The 19CO3 core was composed of a succession of coarser layers (d50 ranging between 24 and 287 µm) and of finer sediment layers (d50 10 µm) in the upper part of the sequence (between 1996 and 2019). In the lower part corresponding to material deposited between 1978 and 1996, fine and homogenous sediment was found (d50 9 µm). A total of 19 coarser layers were visually observed in this sequence (Figs. 2, 3 and 5). The main coarser layers were observed in 1997, 2008, 2011 and 2016 with a corresponding thickness of 7.5, 12, 7.5 and 25.5 cm. No such layer was observed before 1996. Thickness, grain size properties and age of these layers are detailed in Table 1.

Figure 3Evolution of sediment properties (chemical elements analyzed with an XRF core scanner) along the 19C03 core. The E index (East Pacific index) is freely downloadable at


Figure 4Boxplot of the selected tracer properties (K and Rb) in both the sediment target samples and the potential sources (S1 and S2 correspond, respectively, to the Andean mountains and the lowland dry-forest sources).


Table 1Properties of the 19 coarser layers identified in the 19CO3 sediment core.

Download Print Version | Download XLSX

Changes in geochemical contents such as those shown by Ca / Ti and Sr values highlighted the occurrence of a significant positive trend (Mann–Kendall test, p value < 0.05) during the 1978–2019 period, whereas Ti and K showed a negative trend (p value < 0.05). No statistical trend was observed for Rb (p value of 0.3). The highest Ca / Ti and Sr values were recorded between 2007 and 2012 as well as during the 2015–2017 period. Positive fluctuations in Ca / Ti and Sr contents were mainly observed during the positive E index periods, whereas the Ti behavior showed the opposite trend with a decrease in Ti values during the positive E index periods (Fig. 3). The main changes in Ti contents were observed during the 1982–1984, 1991–1992, 1996–1998 and 2016–2017 periods corresponding to EENEs, ENEs and CENEs as well between 2007 and 2012 without any association with EENEs or ENEs. Finally, the K and Rb contents showed very similar fluctuations (r2 of 0.73 between both elements) (Fig. 3).

3.3 Sediment sources

Two tracing properties (K and Rb) were selected by the FingerPro statistical procedure for un-mixing the sediment source contributions along the 19C03 sequence (Fig. 4). K content ranged between 0.6 % and 2.25 % in the soil samples. The highest K contents were measured in the Andean potential sediment sources with an average value of 1.5 % (SD 0.4 %, ranging between 0.9 % and 2.25 %), whereas a lower average value of 0.9 % (SD 0.2 %, ranging between 0.6 % and 1.2 %) was recorded in the lowland dry-forest source. A similar trend was observed for the Rb content with the highest values measured in the upstream sources (0.07 %, SD 0.01 %, ranging between 0.06 % and 0.1 %) and the lowest values in the downstream source (0.05 %, SD 0.01 %, ranging between 0.03 % and 0.06 %).
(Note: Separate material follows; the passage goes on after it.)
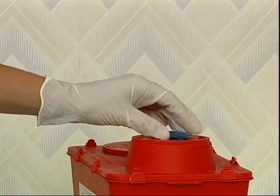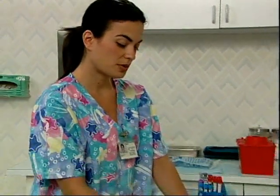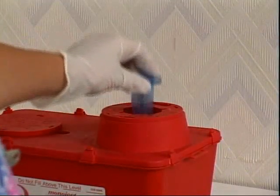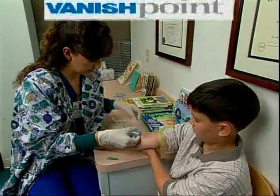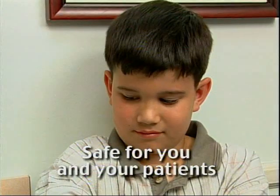Dispose of the VanishPoint tube holder in a sharps container in accordance with your facility's protocol. VanishPoint tube holders are single-use. VanishPoint tube holders allow for safe and efficient blood collection. VanishPoint — safe for you and your patients.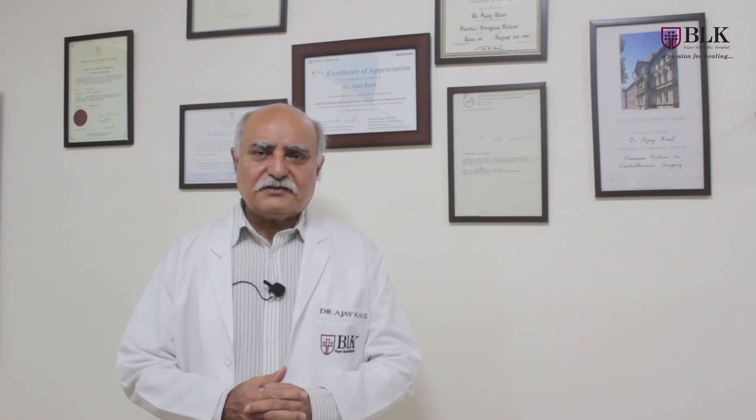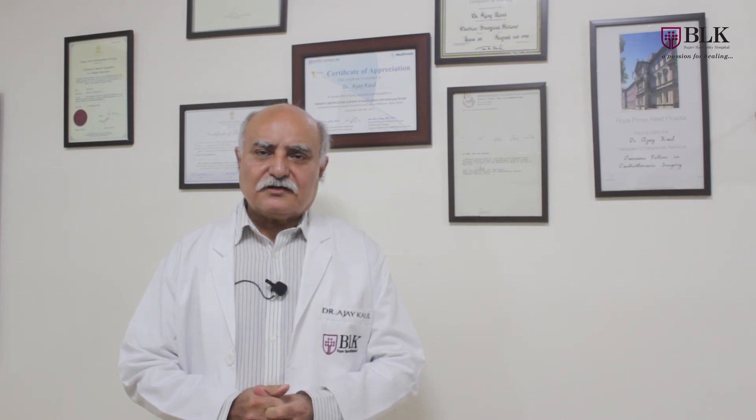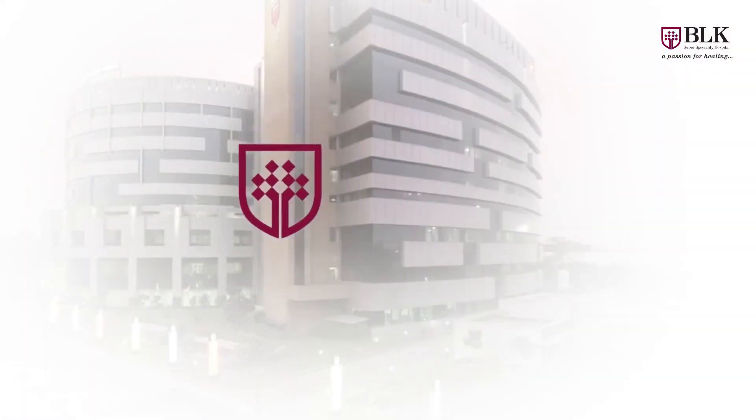We are now taking moderate-risk patients for these procedures as well, which is really good for patients who have comorbidities like morbid obesity, severe diabetes, or who are redo surgeries. We of course have a scoring system by which we calculate whether the patient is suitable for this type of procedure. Let us now discuss in great detail how this particular procedure is performed.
Figure 5Particle size distributions of the 19 coarser layers detected in the 19CO3 core (EENE: extreme El Niño event; CENE: coastal El Niño event).


Calibrated K values from the sediment core (r2 of 0.92 between XRF and ED-XRF calibration) varied between 0.7 % and 1.8 % with an average value of 1.1 % (SD 0.15 %). The average calibrated Rb value (r2 of 0.8 between XRF and ED-XRF calibration) reached 0.05 % (SD 0.01 %) with values ranging between 0.03 % and 0.12 % (Fig. 4).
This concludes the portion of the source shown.